Shares of Bury-based FTSE 100 retailer JD Sports Fashion plc rose about 8% as the firm’s new CEO Régis Schultz and his management team gave investors an update on the strategic approach for the group over the next five years.
At a capital markets event for sell side analysts and investors, the CEO outlined “how JD will enhance its position as the leading global sports-fashion specialist” with the firm calling the plan “A New Distinct Chapter in the Growth Story of JD.”
The management team set out further details on its growth strategy and key objectives for the next five years which include double digit revenue growth, double digit market share in key regions and double digit operating margin.
The objectives also include capital expenditure (CapEx) of £500 million to £600 million per annum with 50% to 60% of spend focused on store expansion in underpenetrated markets with 250 to 350 new JD stores per annum, and cash generation from operating activities of £1 billion per annum.

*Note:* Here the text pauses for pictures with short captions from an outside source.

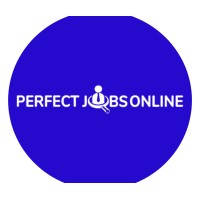 Perfect Jobs Online logo - Similar company to Gajmukh Technologies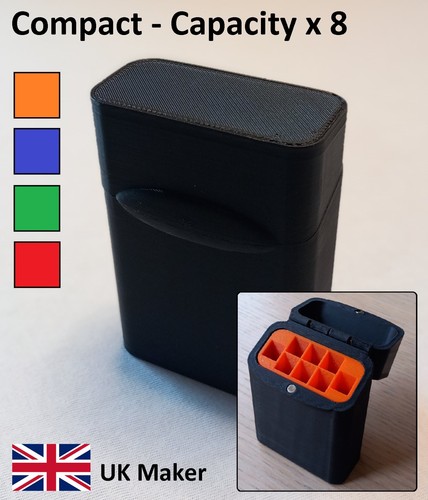 Magnetic hard case for - magnetic,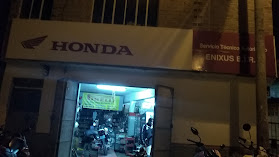 Mecanica De Motos Honda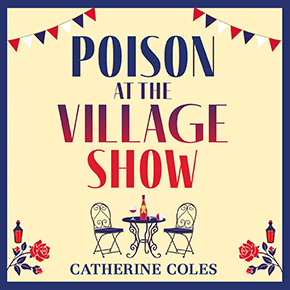 Poison at the Village Show thumbnail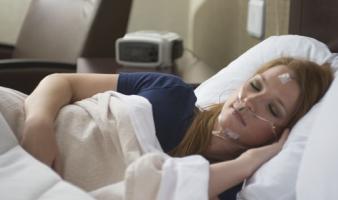 Que révèlent les légers mouvements de notre bras durant la nuit sur notre respiration et notre santé ? (Visuel Fotolia) Que révèlent les légers mouvements de notre bras durant la nuit sur notre respiration et notre santé ? (Visuel Fotolia)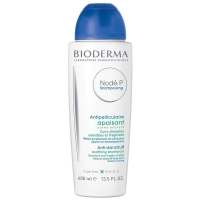 BIODERMA Nodé P Shampooing Apaisant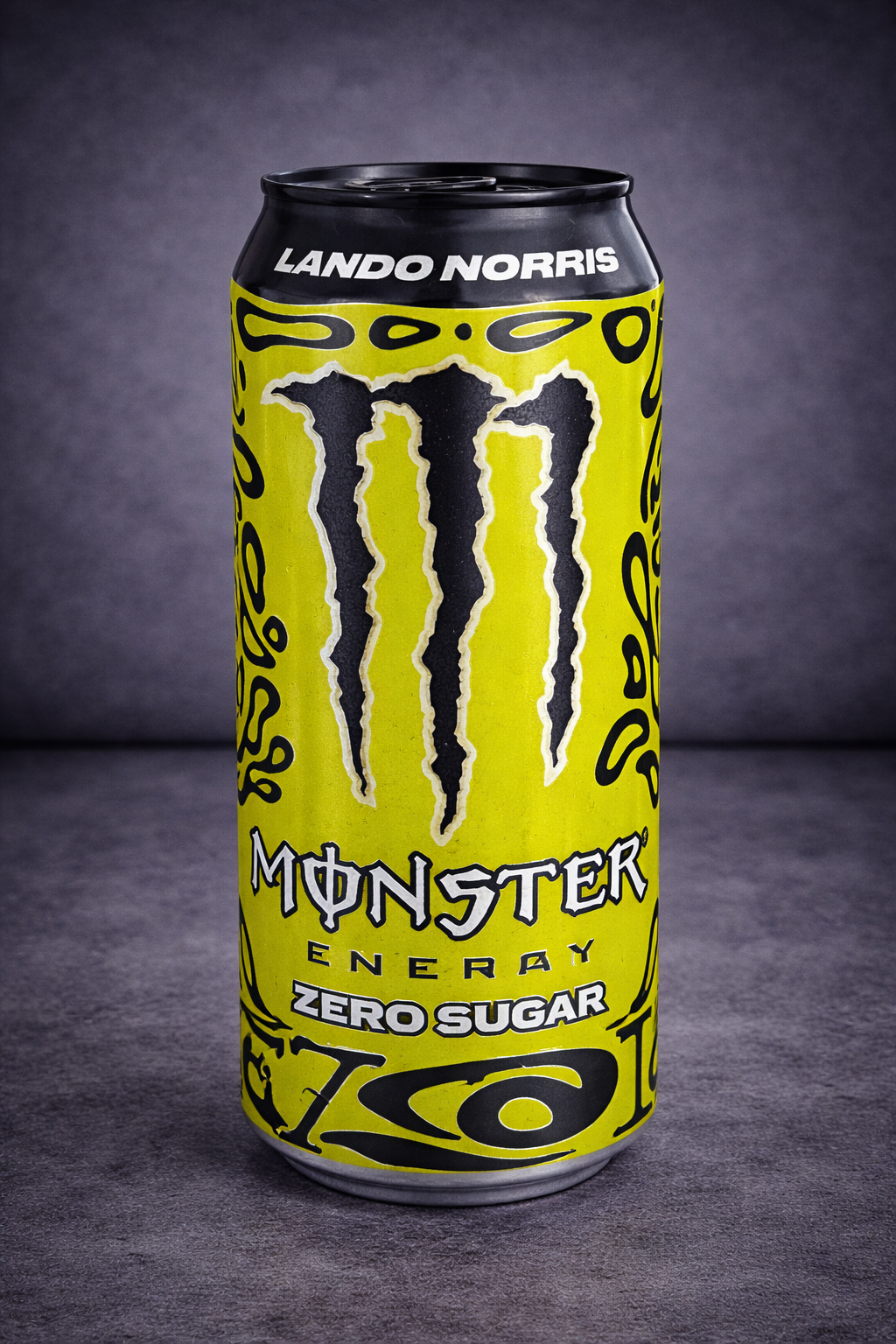 Monster Energy Lando Norris Zero Sugar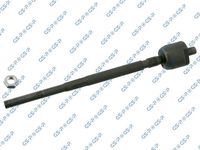 MDR GSPS030280 - Articulación axial, barra de acoplamiento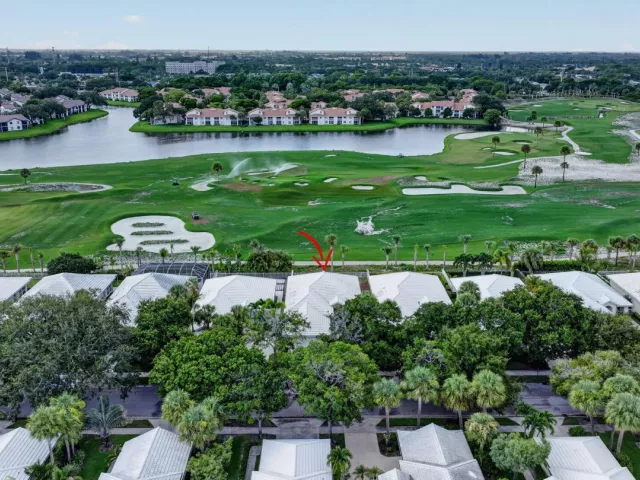 3-bedroom home for sale in West Palm Beach - 1115 Gator Trail - MondialRealty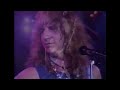 GREAT WHITE - Since I've Been Loving You (Led Zeppelin cover) Live at The Ritz 1988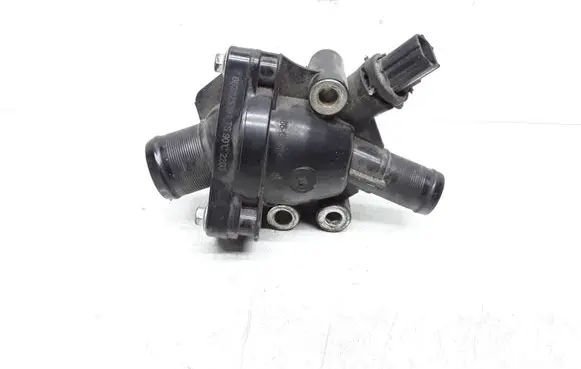 Volvo S80 Thermostat/thermostat housing 862025391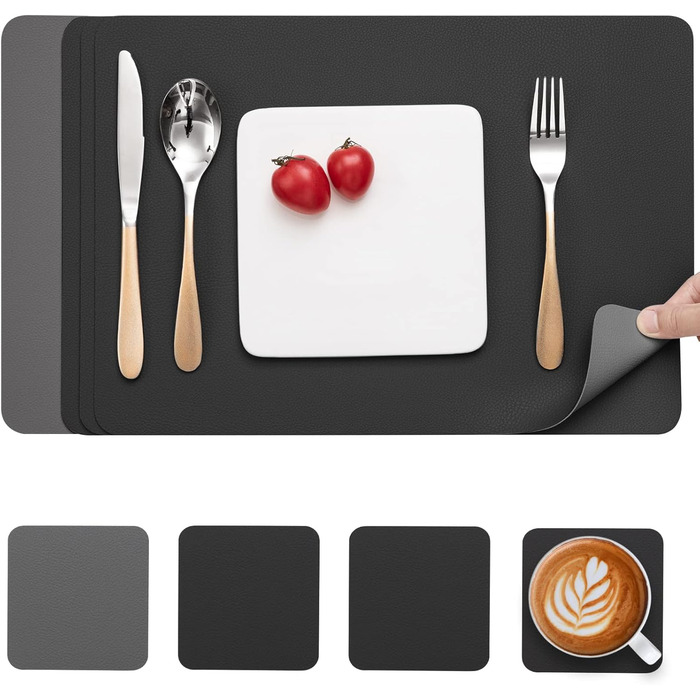 Серветки миються і підставки, Серветки шкіряні Серветки Серветки шкіряні Серветки двосторонні Серветки двосторонні Серветки двосто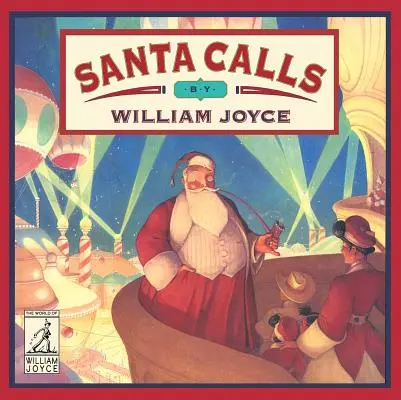 Santa volá - Santa Calls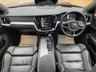 USED 2019 19 VOLVO S60 2.0 T5 R-Design Edition Saloon 4dr Petrol Auto Euro 6 (s/s) (250 ps) POLESTAR ENGINEERED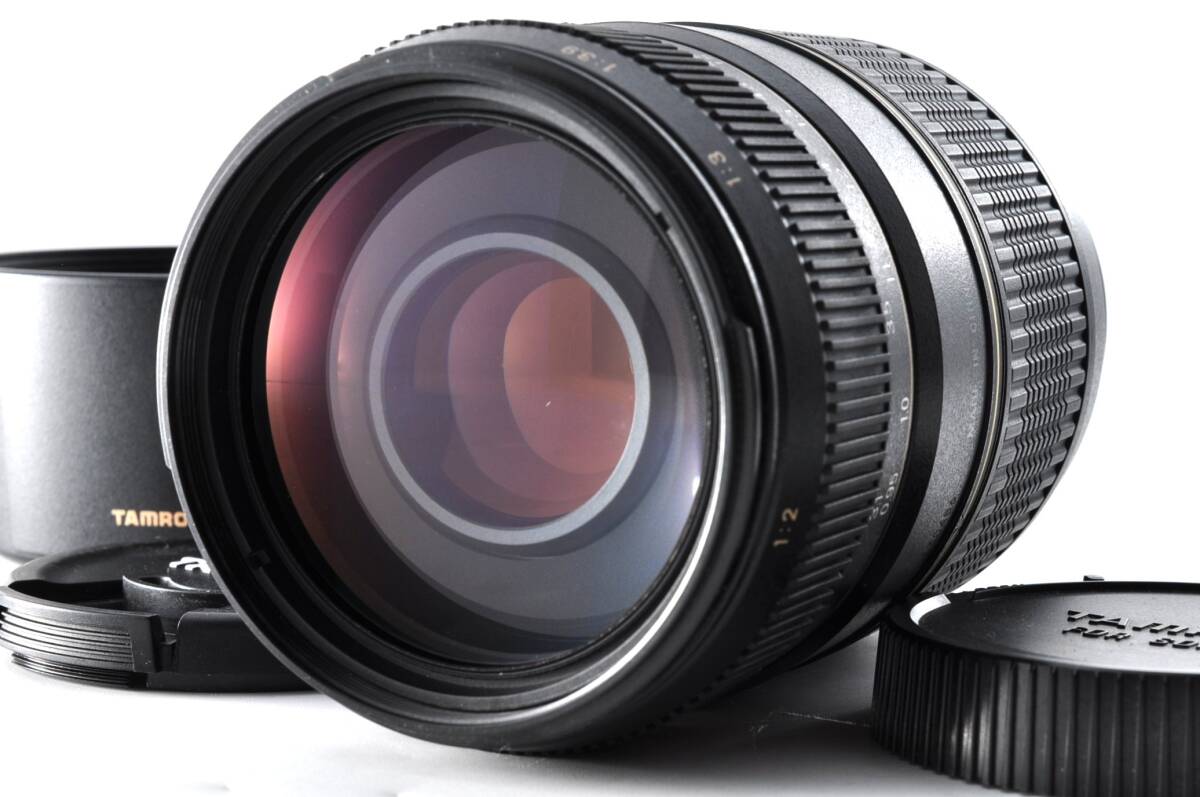 TAMRON タムロン AF70-300mm F4-5.6 Di MACRO sony ソニー用 望遠ズームレンズ #1426
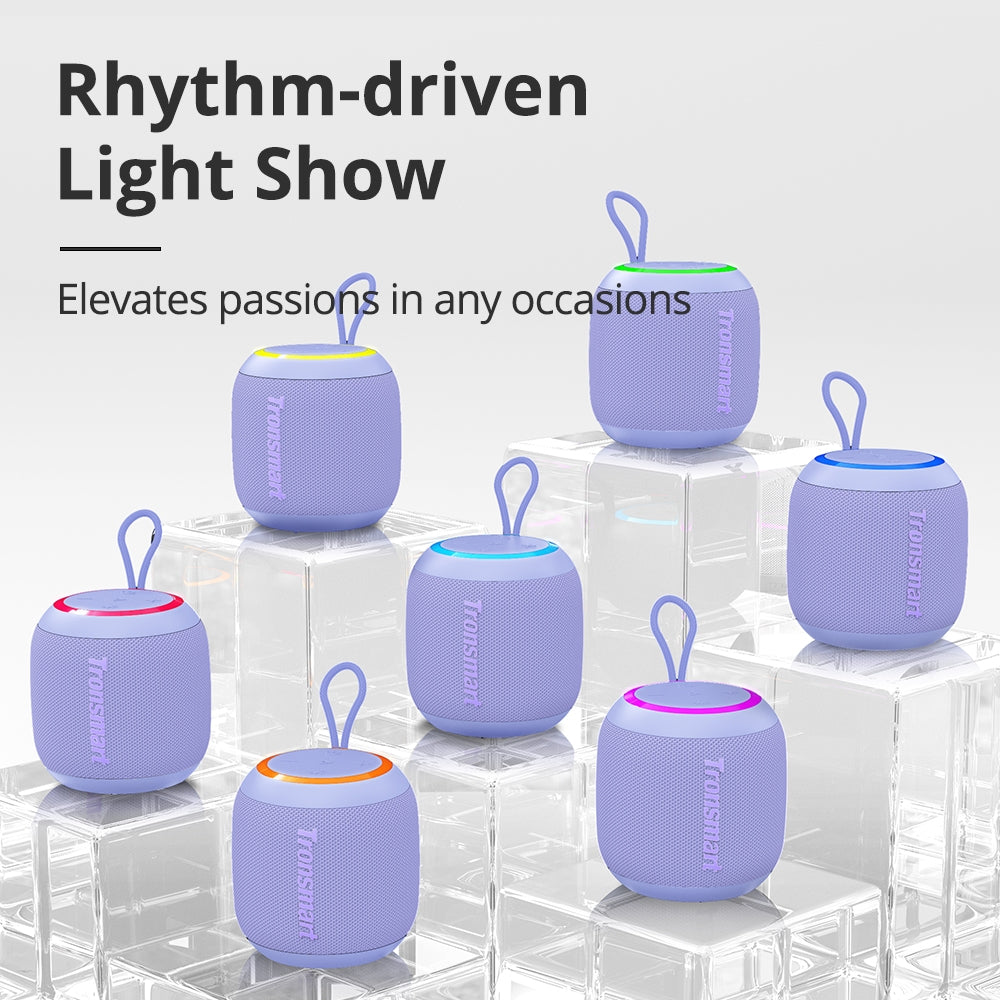 Haut parleur Bluetooth Tronsmart T7 Mini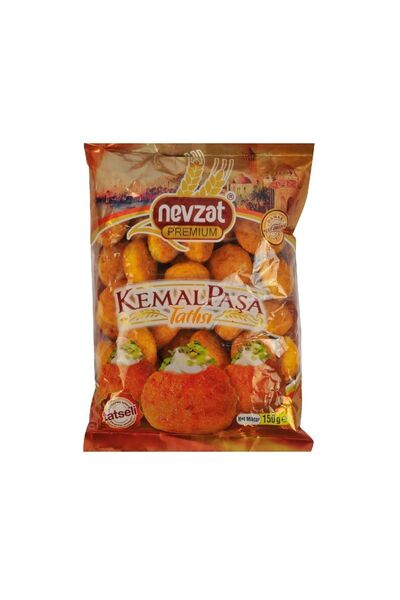 Nevzat Premium Kemalpaşa 150 gr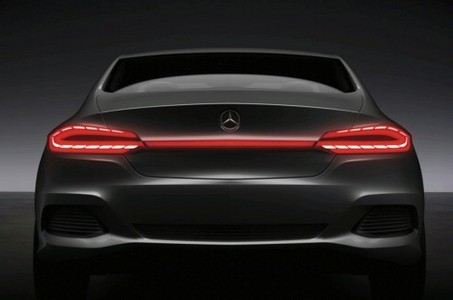 Mercedes F800 Style Concept Technical Details photo Mercedes F800 Style Concept Technical Details Mercedes F800 7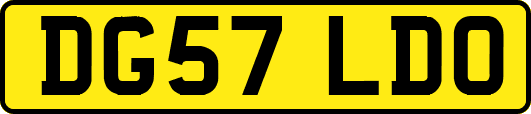 DG57LDO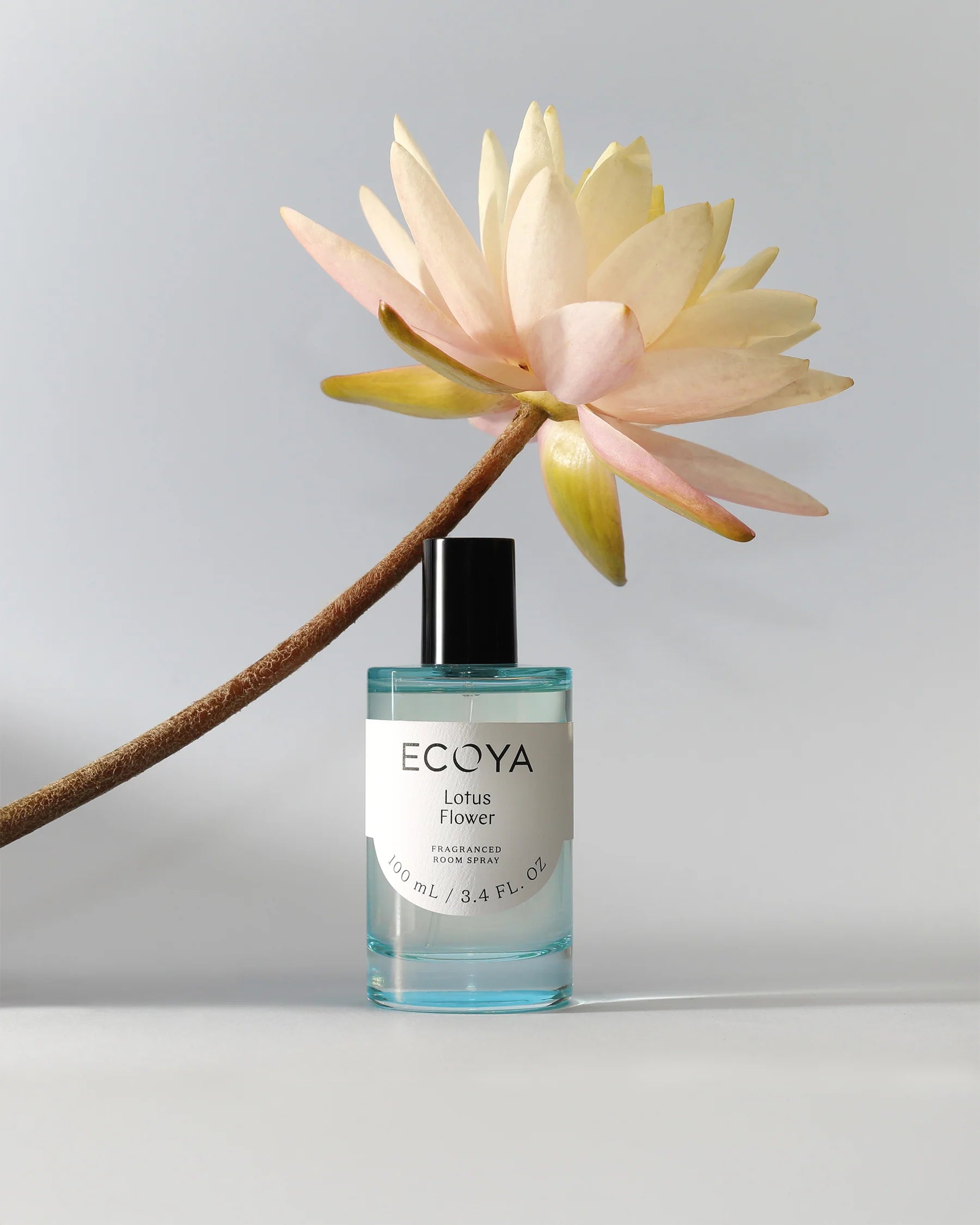 Lotus Flower Room Spray | Ecoya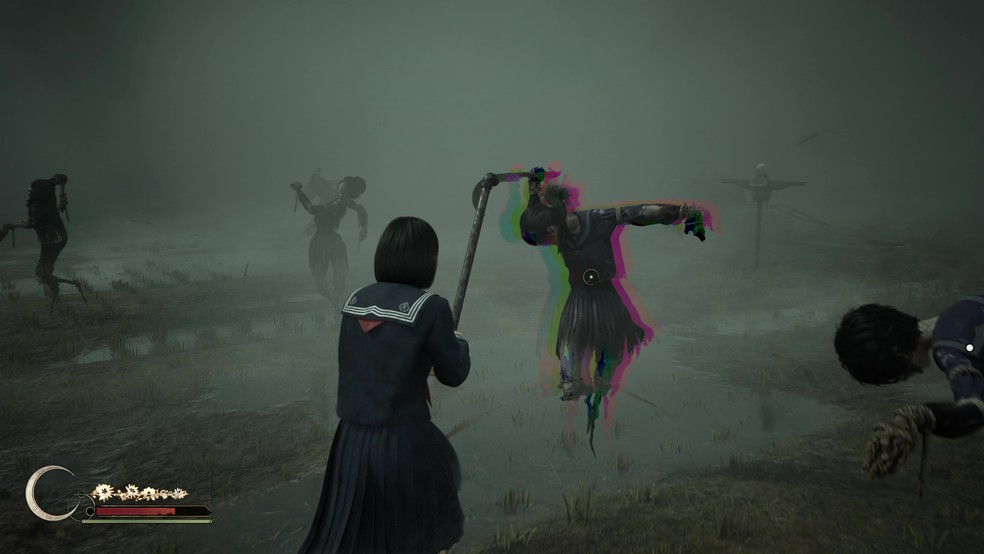 Silent Hill f — Foto: Divulgação Konami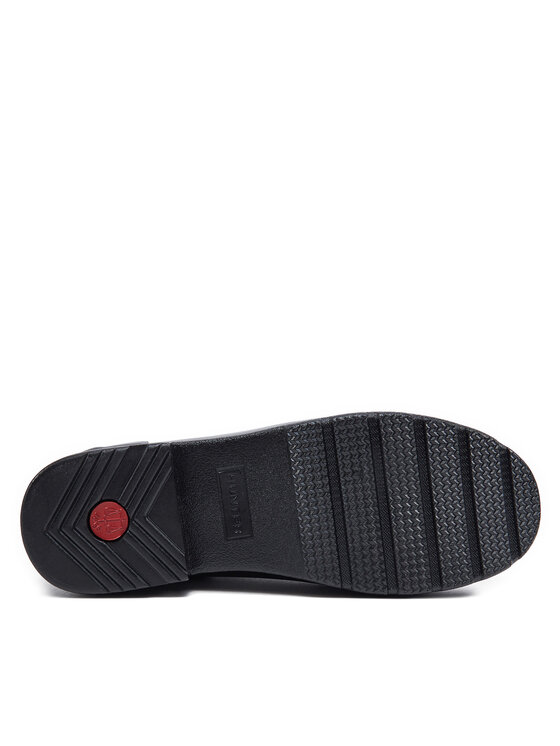 Hunter Hunter Cizme de cauciuc WFS2201RGL Negru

Schultz said: “Today marks a new, distinct chapter in the growth story of JD as we set our plans to become the leading global sports-fashion powerhouse.
“Building on our strong existing position and attractive long-term market dynamics, we see significant growth opportunities ahead by expanding JD internationally, notably in North America and Europe.
“We will also be enhancing our omnichannel retail offering, investing in technology and analytics, and leveraging our long-term strategic brand partnerships, to better serve more customers.
“Our track record of disciplined investment and strong retail execution means that JD is extremely well positioned to capitalise on its material headroom for growth globally and continue delivering value for shareholders.”